Work order: Among the entries below, only the lines from the one with "Rosa 'Constance Spry'" through the one with "A Sudae Driver" are wanted, reproduced exactly. Pictures are not wanted.

Records provided:
===

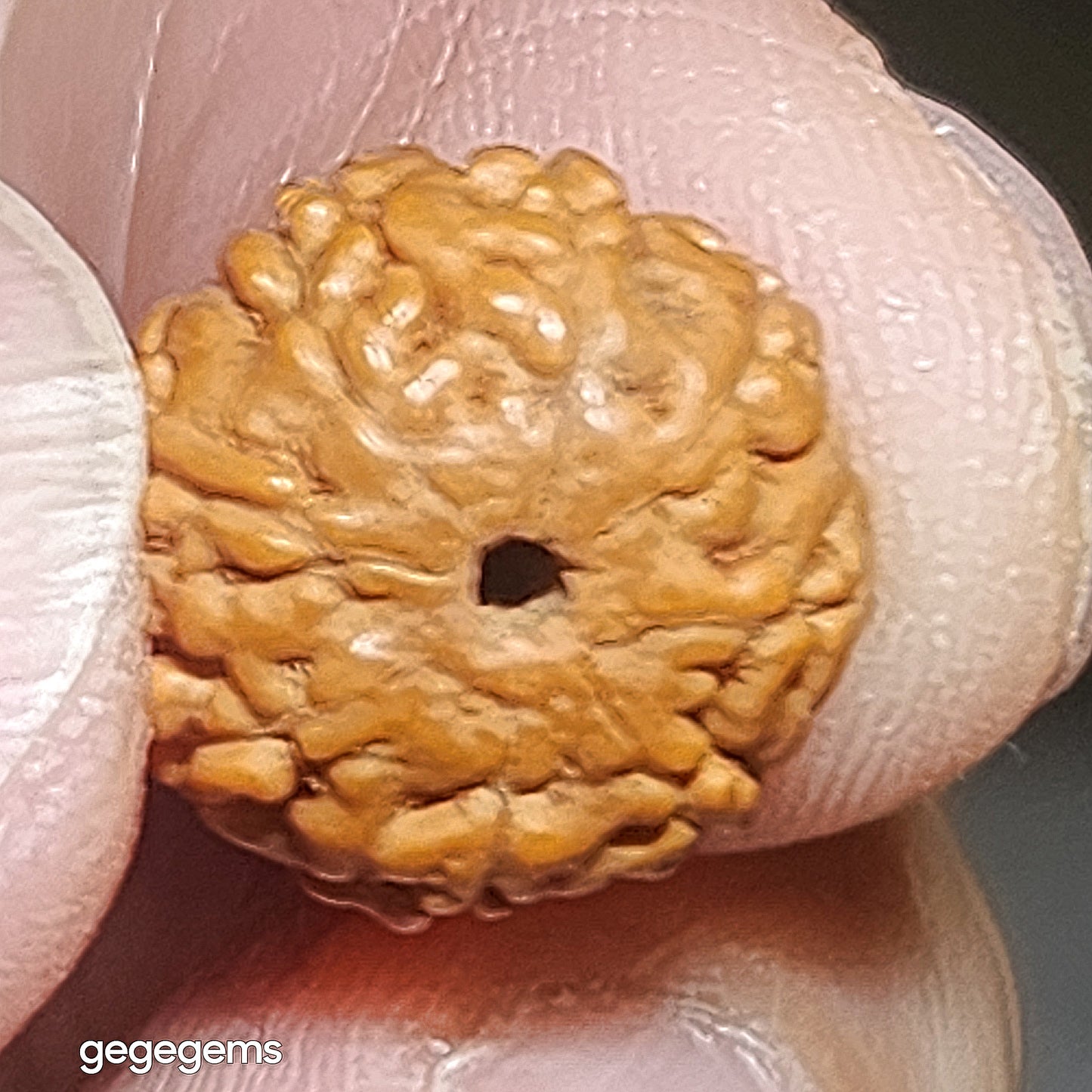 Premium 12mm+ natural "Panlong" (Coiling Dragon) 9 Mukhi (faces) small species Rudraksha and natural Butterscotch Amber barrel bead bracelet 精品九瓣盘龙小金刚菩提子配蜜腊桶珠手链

===

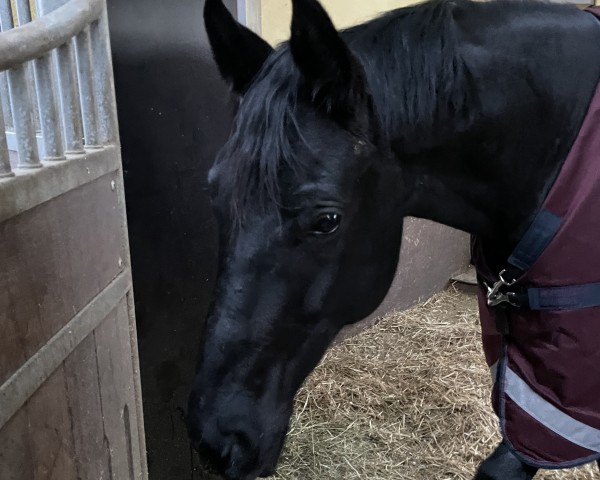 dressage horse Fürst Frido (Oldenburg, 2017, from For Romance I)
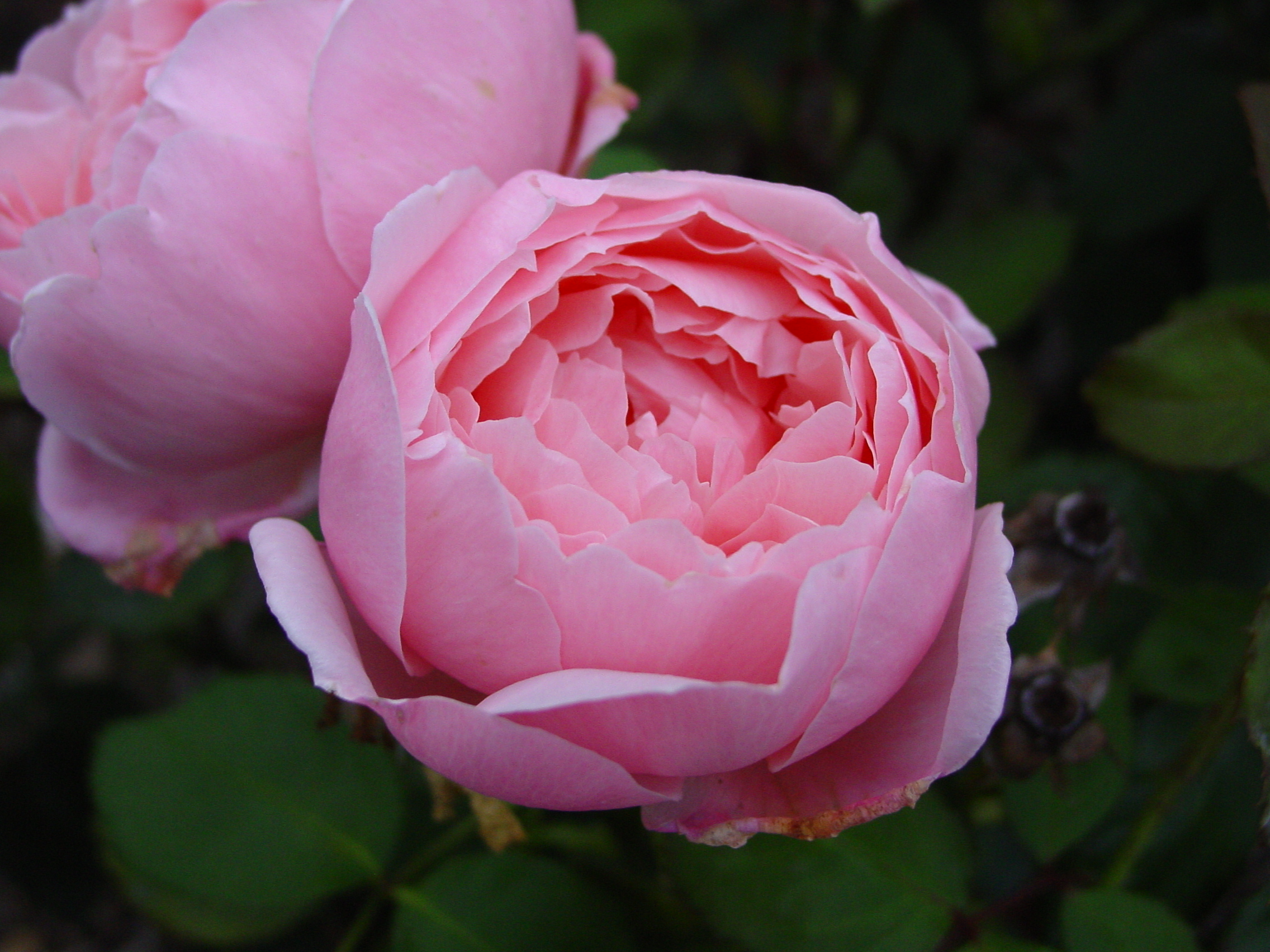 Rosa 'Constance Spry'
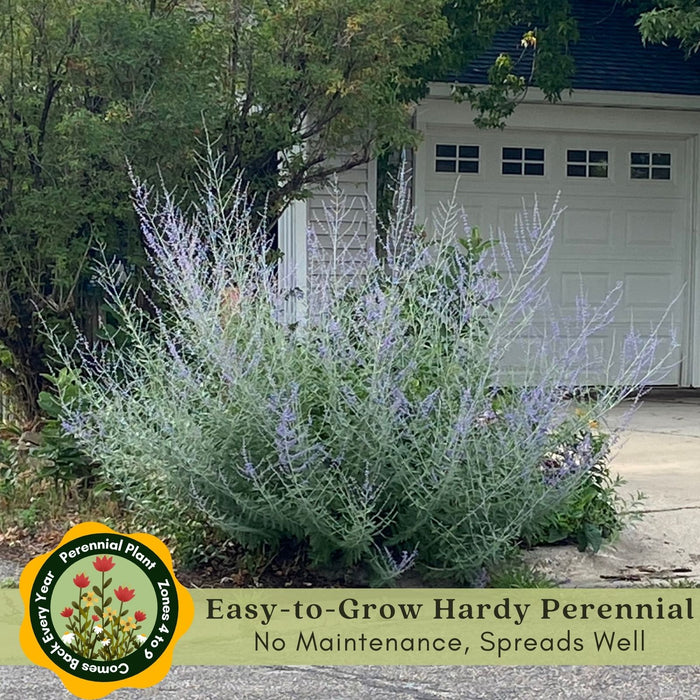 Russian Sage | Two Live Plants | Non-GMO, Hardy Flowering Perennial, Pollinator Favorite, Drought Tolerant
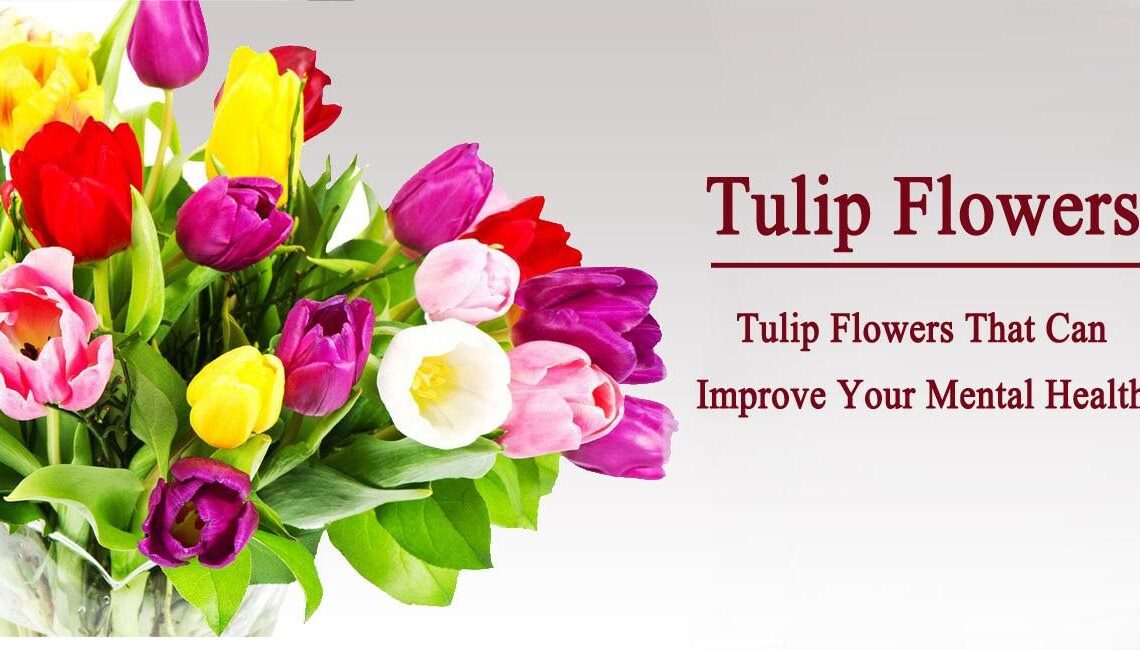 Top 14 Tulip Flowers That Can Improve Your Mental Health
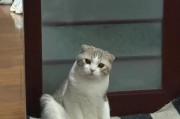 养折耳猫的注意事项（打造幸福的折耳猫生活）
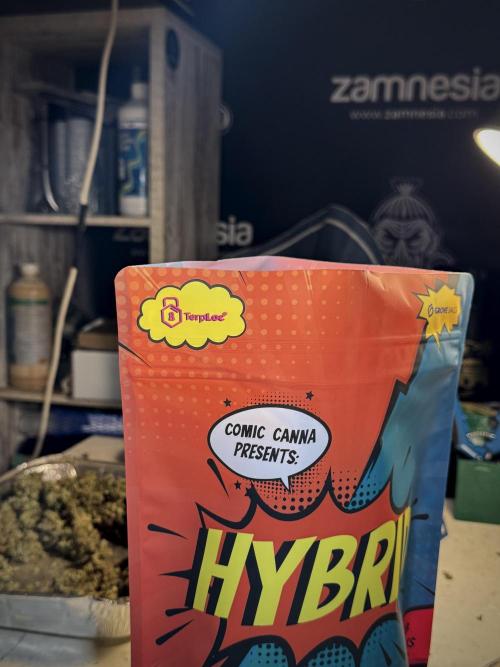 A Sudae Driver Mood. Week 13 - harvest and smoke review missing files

===

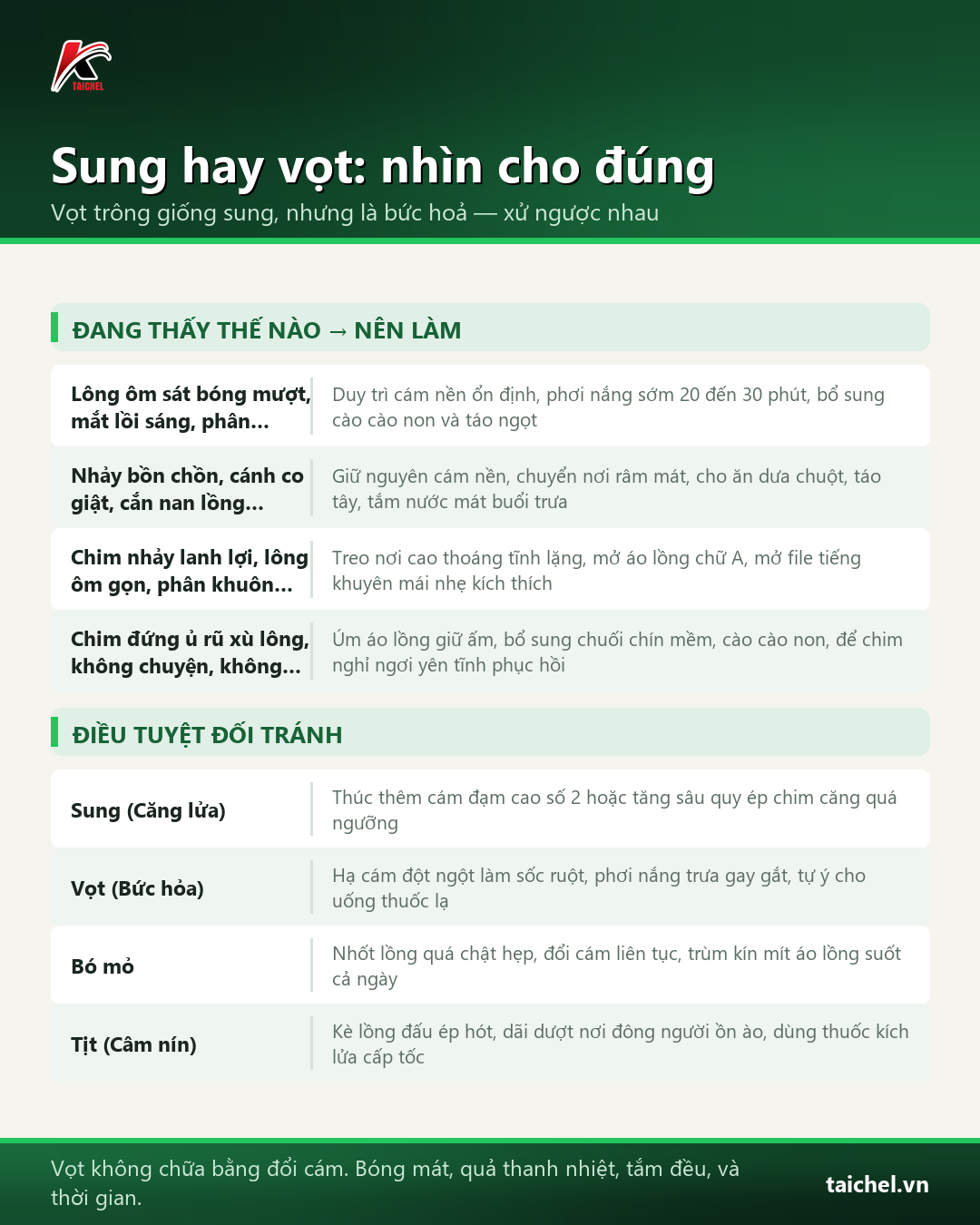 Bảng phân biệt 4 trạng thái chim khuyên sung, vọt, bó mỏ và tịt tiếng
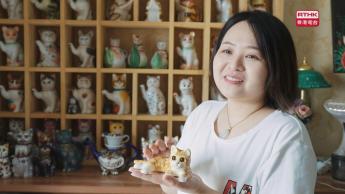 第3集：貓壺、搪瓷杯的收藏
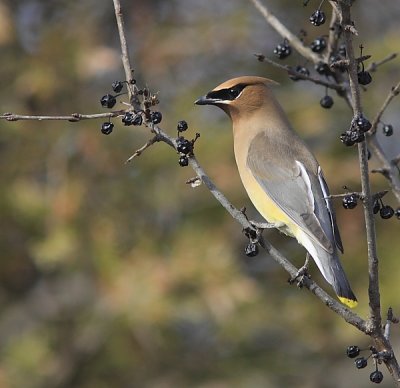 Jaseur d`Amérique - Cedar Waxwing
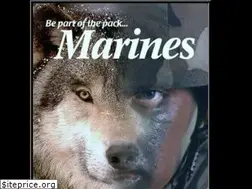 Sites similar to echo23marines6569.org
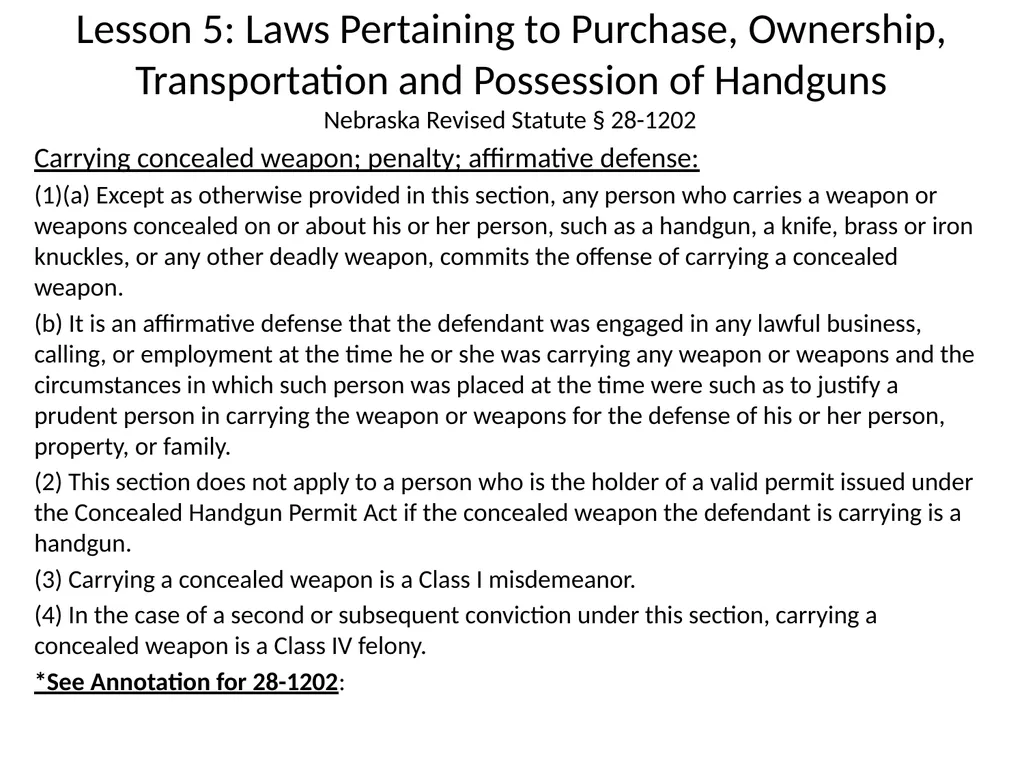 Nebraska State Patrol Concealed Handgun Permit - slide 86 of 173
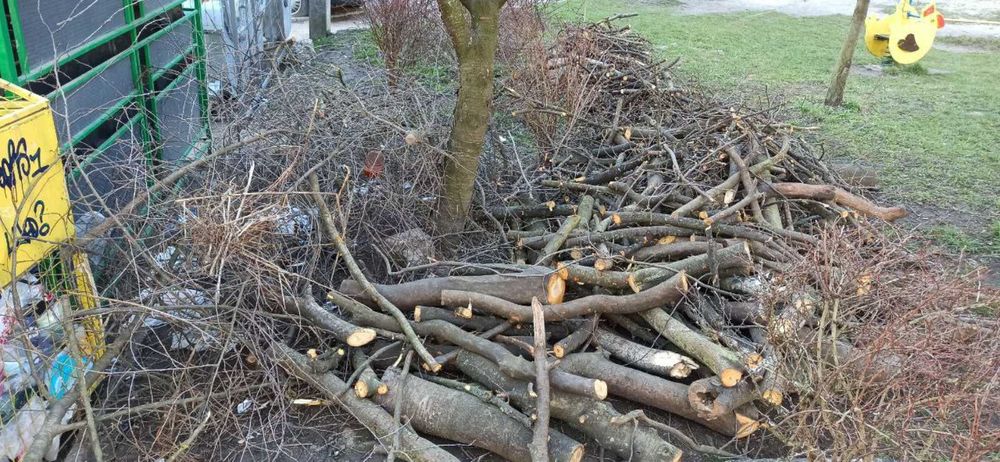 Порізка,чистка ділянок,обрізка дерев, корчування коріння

===

Your solution:
 Rosa 'Constance Spry'
 Russian Sage | Two Live Plants | Non-GMO, Hardy Flowering Perennial, Pollinator Favorite, Drought Tolerant
 Top 14 Tulip Flowers That Can Improve Your Mental Health
 养折耳猫的注意事项（打造幸福的折耳猫生活）
 A Sudae Driver Mood. Week 13 - harvest and smoke review missing files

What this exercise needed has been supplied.